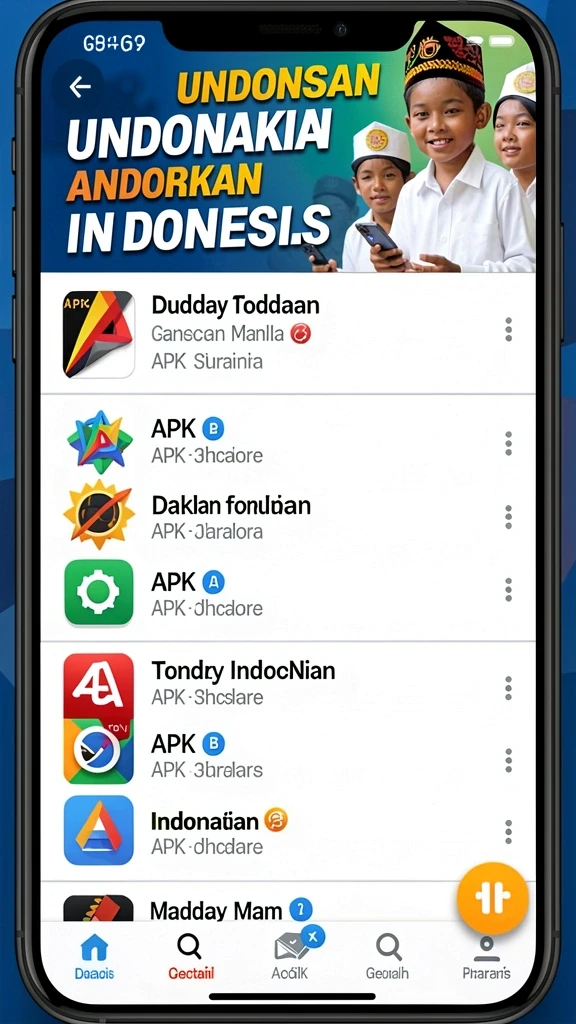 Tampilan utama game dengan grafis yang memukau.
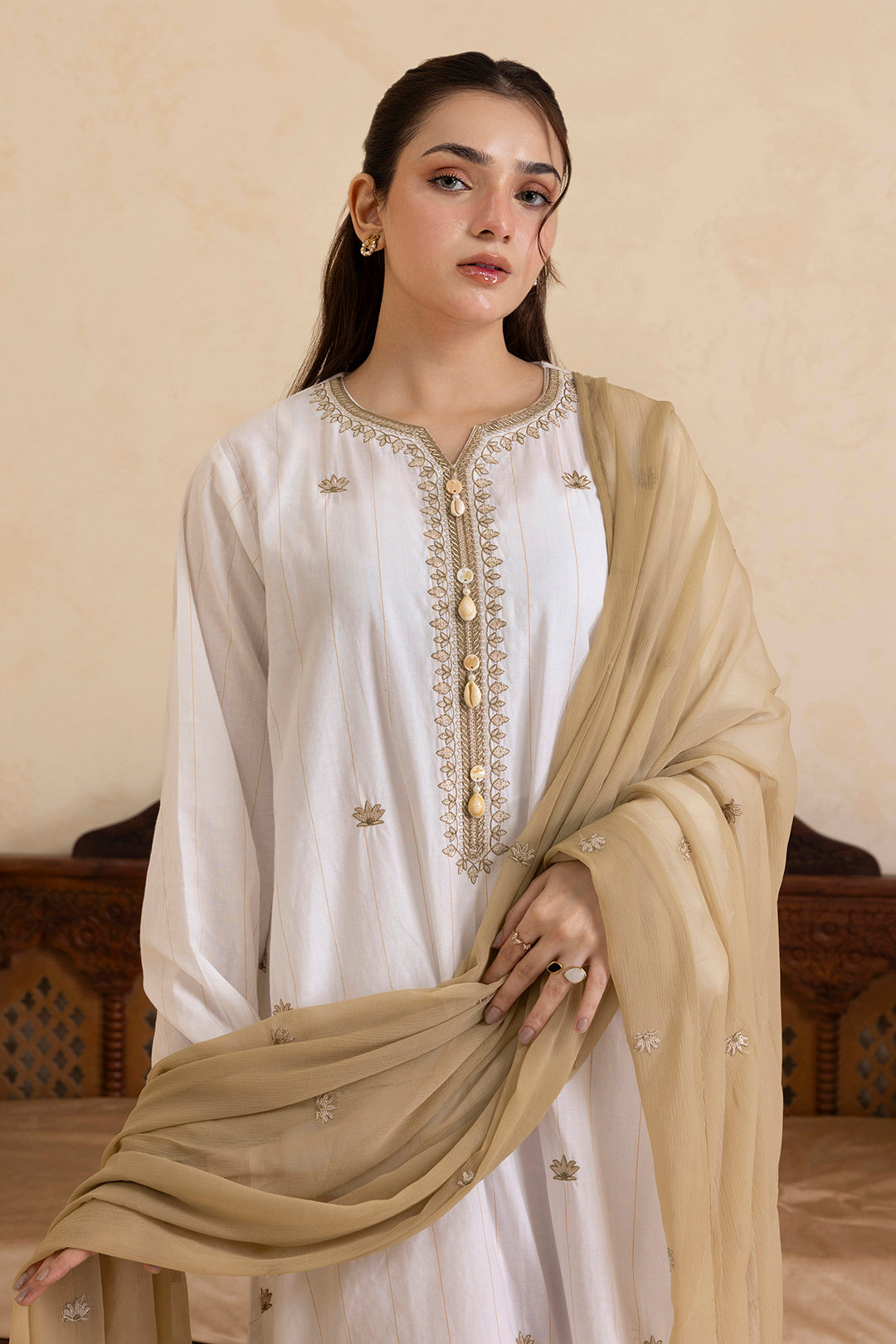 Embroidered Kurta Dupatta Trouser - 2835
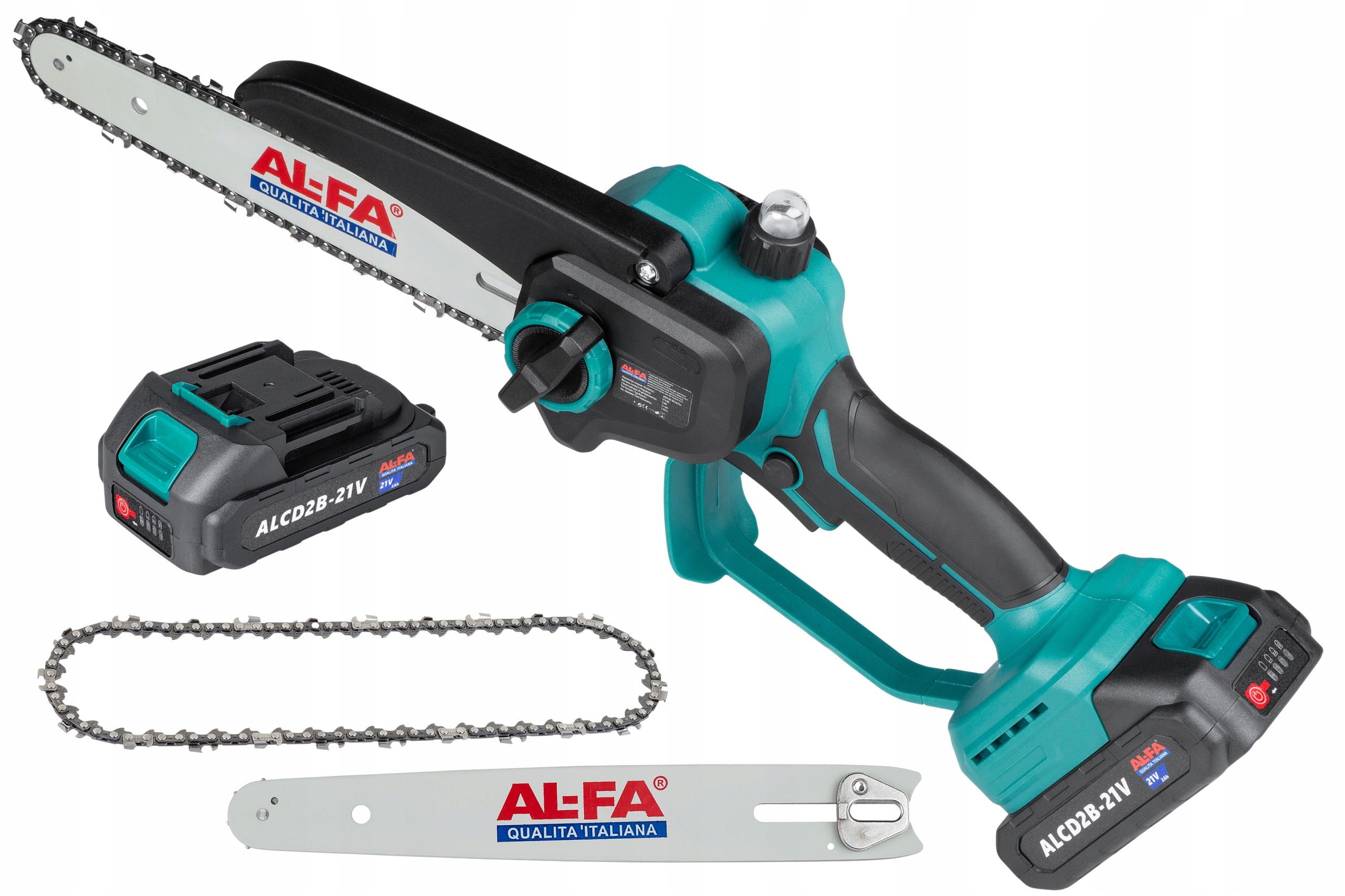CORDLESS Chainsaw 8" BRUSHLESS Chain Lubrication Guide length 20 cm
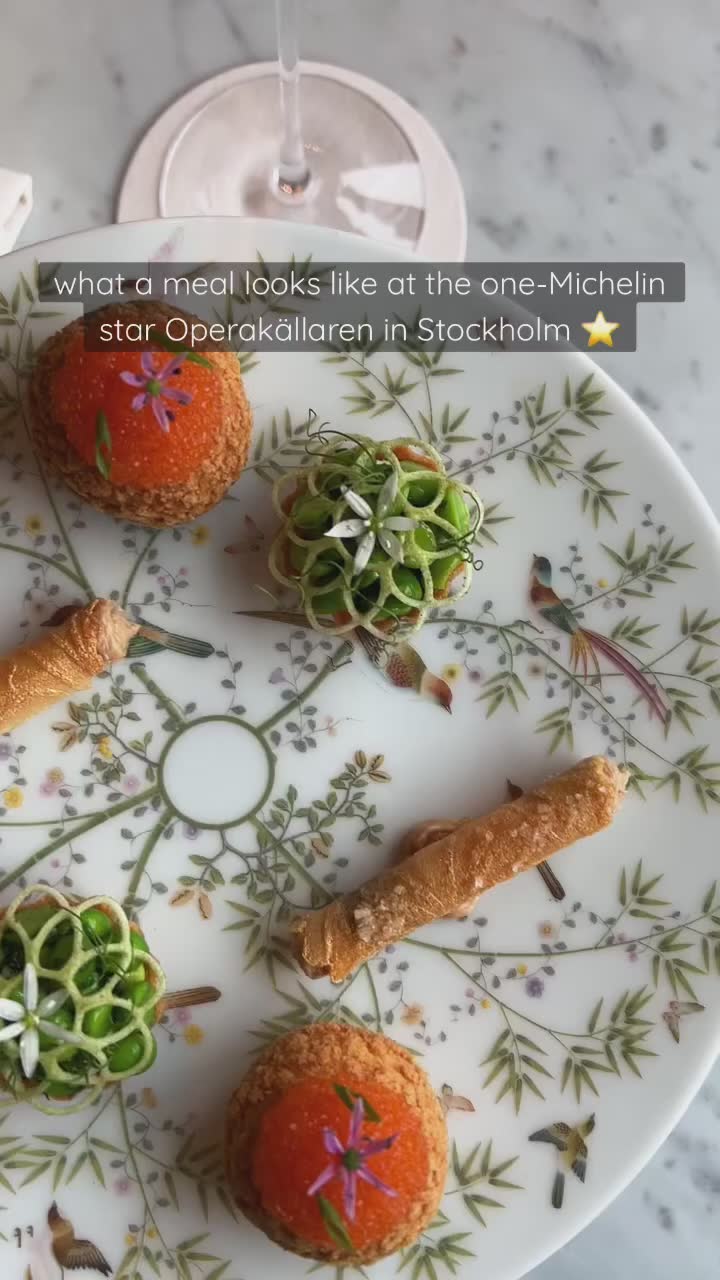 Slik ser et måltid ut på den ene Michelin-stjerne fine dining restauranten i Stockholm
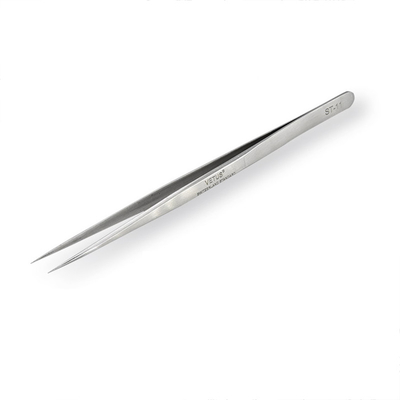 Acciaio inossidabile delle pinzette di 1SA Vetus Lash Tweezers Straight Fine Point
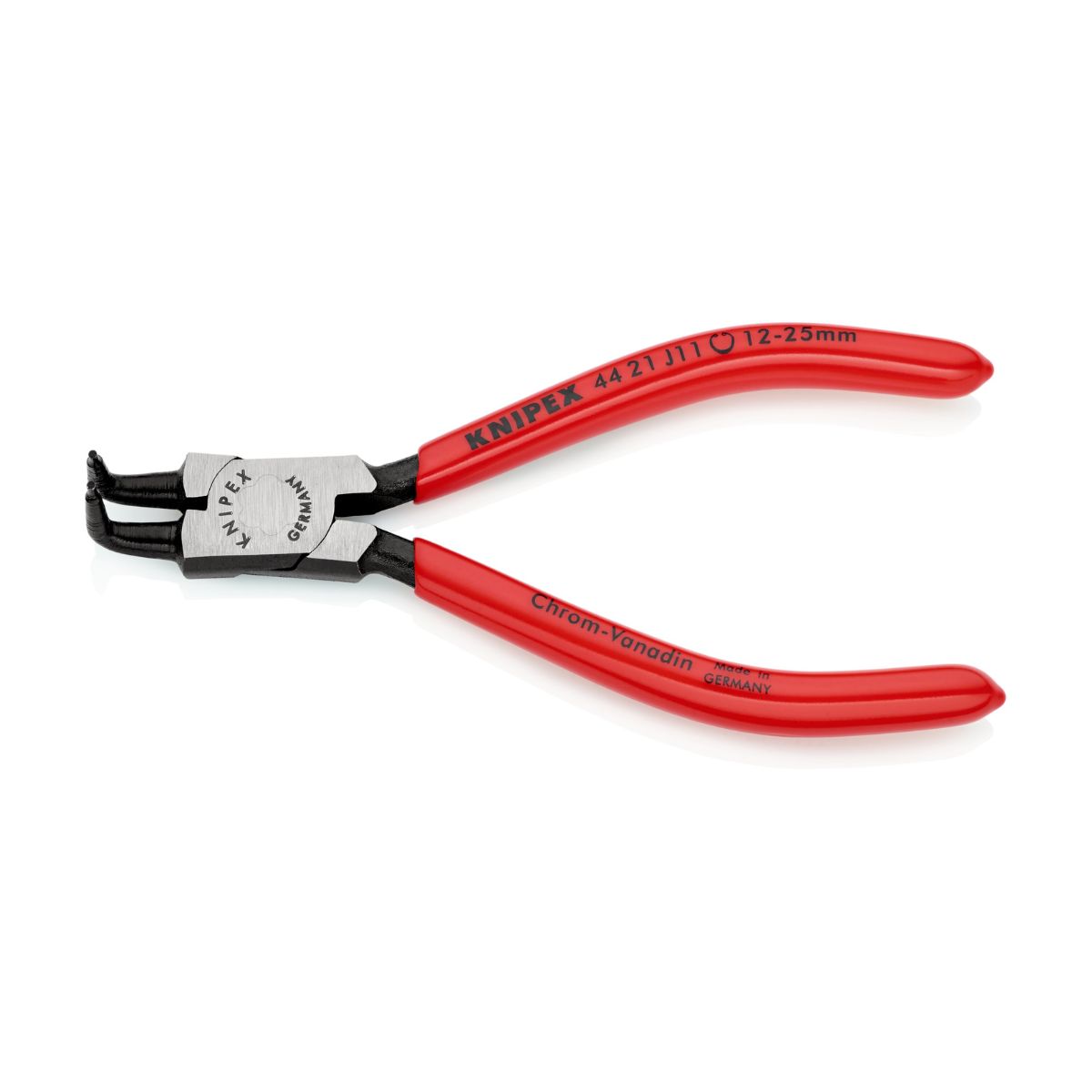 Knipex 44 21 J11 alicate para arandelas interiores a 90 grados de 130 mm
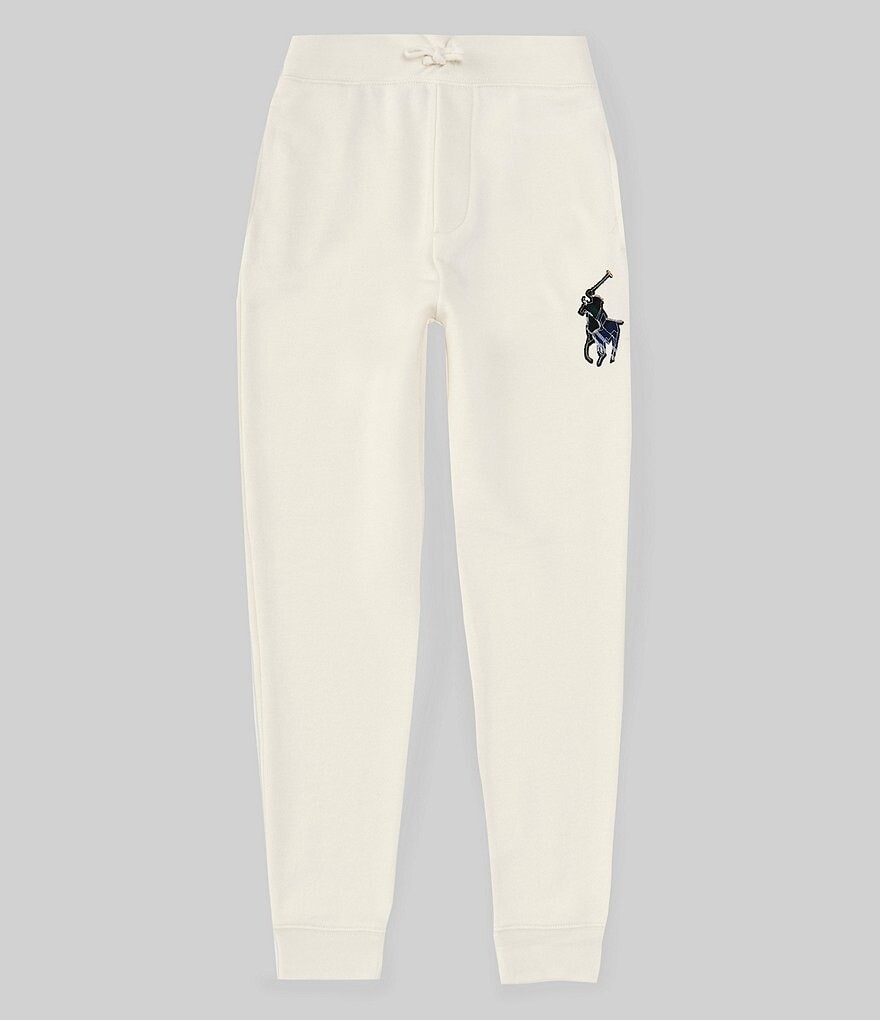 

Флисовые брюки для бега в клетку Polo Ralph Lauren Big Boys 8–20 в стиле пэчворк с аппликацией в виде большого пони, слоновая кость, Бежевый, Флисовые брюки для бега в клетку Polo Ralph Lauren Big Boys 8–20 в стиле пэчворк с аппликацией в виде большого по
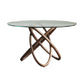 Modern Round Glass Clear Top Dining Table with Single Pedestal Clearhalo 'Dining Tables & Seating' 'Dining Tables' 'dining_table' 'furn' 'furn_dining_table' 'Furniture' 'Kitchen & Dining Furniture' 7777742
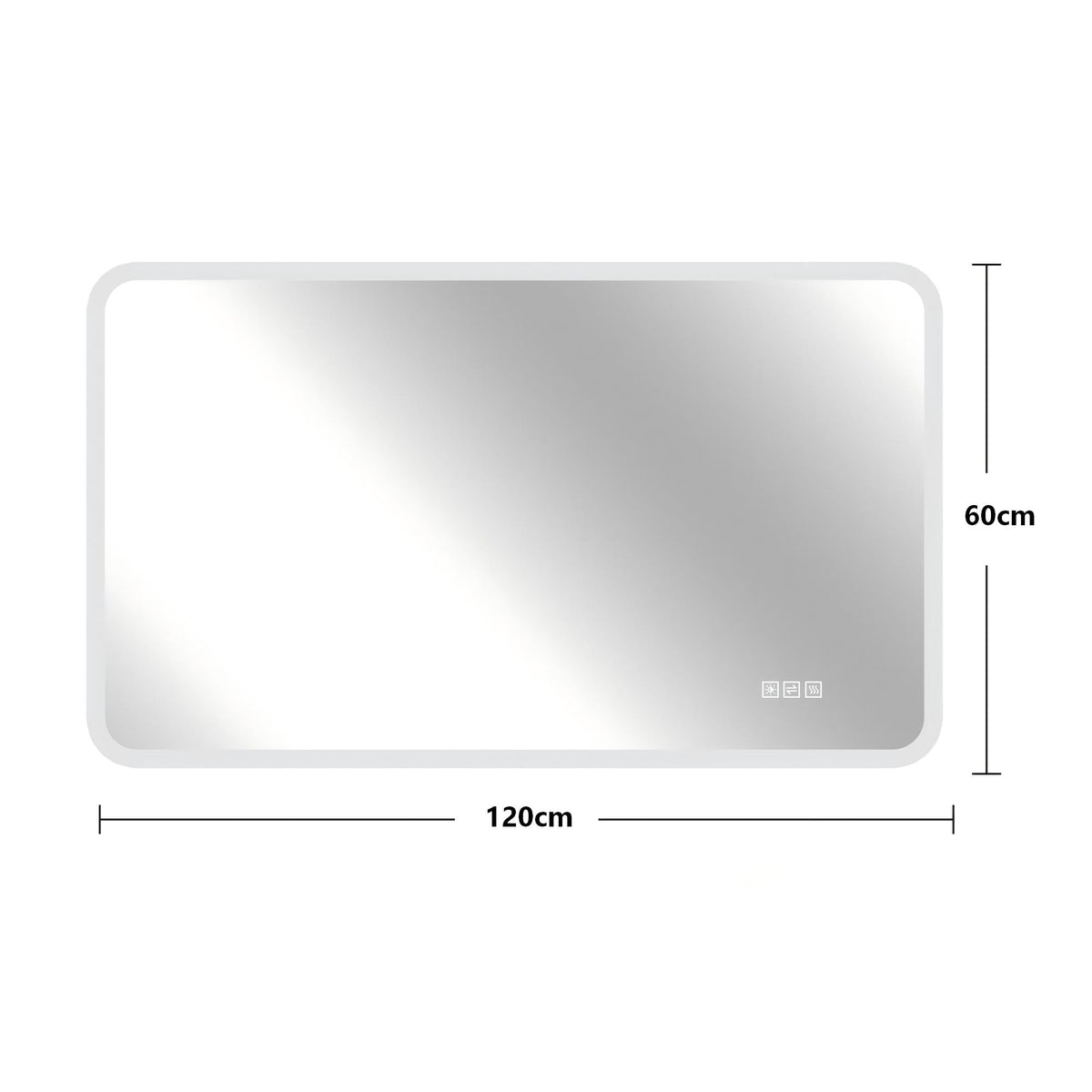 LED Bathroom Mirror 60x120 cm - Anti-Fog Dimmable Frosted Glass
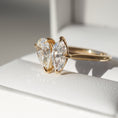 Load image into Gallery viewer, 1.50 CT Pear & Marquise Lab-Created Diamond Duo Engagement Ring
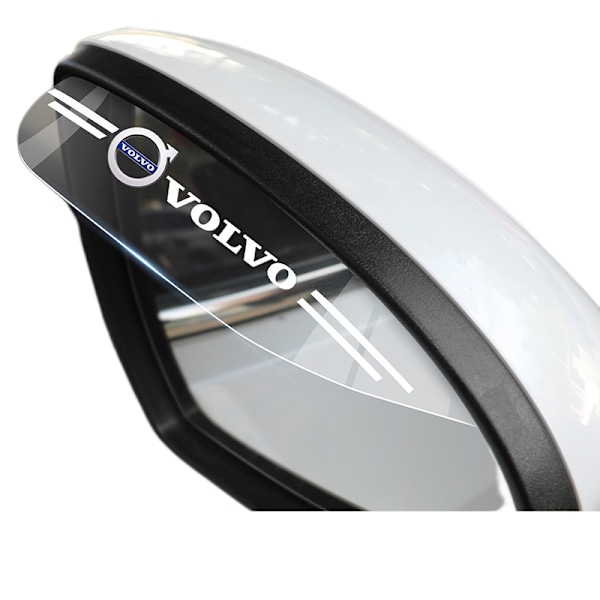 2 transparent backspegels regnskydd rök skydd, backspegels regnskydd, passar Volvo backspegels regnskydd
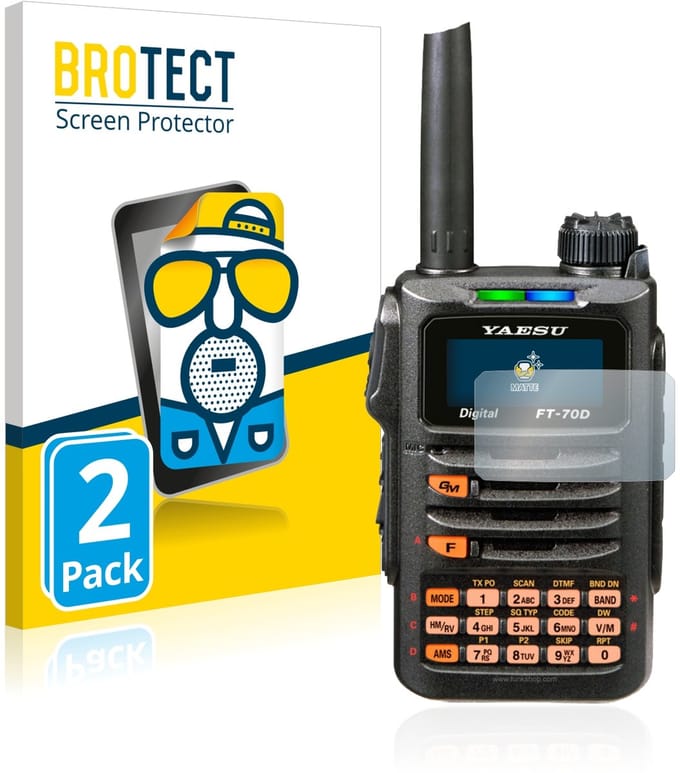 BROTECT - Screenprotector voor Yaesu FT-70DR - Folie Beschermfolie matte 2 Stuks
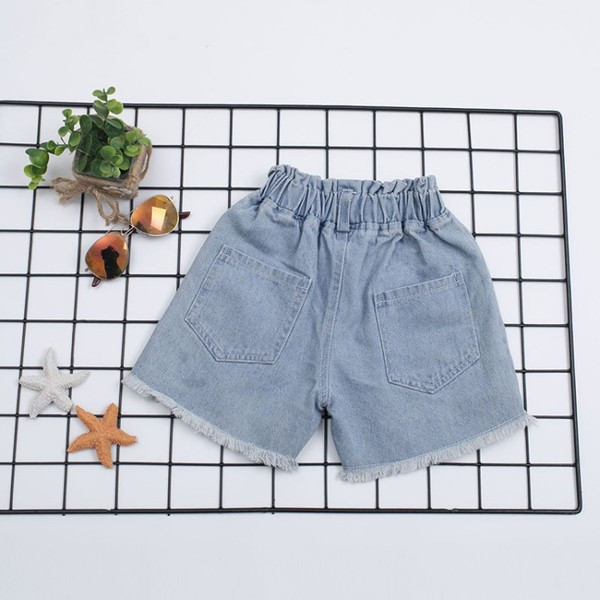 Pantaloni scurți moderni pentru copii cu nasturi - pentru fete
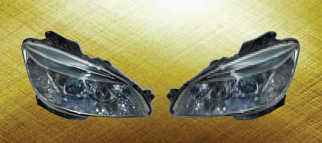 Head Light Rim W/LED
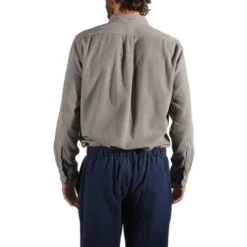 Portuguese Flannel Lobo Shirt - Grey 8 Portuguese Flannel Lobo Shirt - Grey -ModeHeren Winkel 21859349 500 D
.....
All lines from the one containing "Knipex 44 21" to the last line of the records above, both included, need to be repeated word for word; omit the pictures.

▶ _EXERCISE ANSWER_
 Knipex 44 21 J11 alicate para arandelas interiores a 90 grados de 130 mm

Флисовые брюки для бега в клетку Polo Ralph Lauren Big Boys 8–20 в стиле пэчворк с аппликацией в виде большого пони, слоновая кость, Бежевый, Флисовые брюки для бега в клетку Polo Ralph Lauren Big Boys 8–20 в стиле пэчворк с аппликацией в виде большого по
 Modern Round Glass Clear Top Dining Table with Single Pedestal Clearhalo 'Dining Tables & Seating' 'Dining Tables' 'dining_table' 'furn' 'furn_dining_table' 'Furniture' 'Kitchen & Dining Furniture' 7777742
 LED Bathroom Mirror 60x120 cm - Anti-Fog Dimmable Frosted Glass
 Load image into Gallery viewer, 1.50 CT Pear & Marquise Lab-Created Diamond Duo Engagement Ring
 2 transparent backspegels regnskydd rök skydd, backspegels regnskydd, passar Volvo backspegels regnskydd
 BROTECT - Screenprotector voor Yaesu FT-70DR - Folie Beschermfolie matte 2 Stuks
 Pantaloni scurți moderni pentru copii cu nasturi - pentru fete
 Head Light Rim W/LED
 Portuguese Flannel Lobo Shirt - Grey 8 Portuguese Flannel Lobo Shirt - Grey -ModeHeren Winkel 21859349 500 D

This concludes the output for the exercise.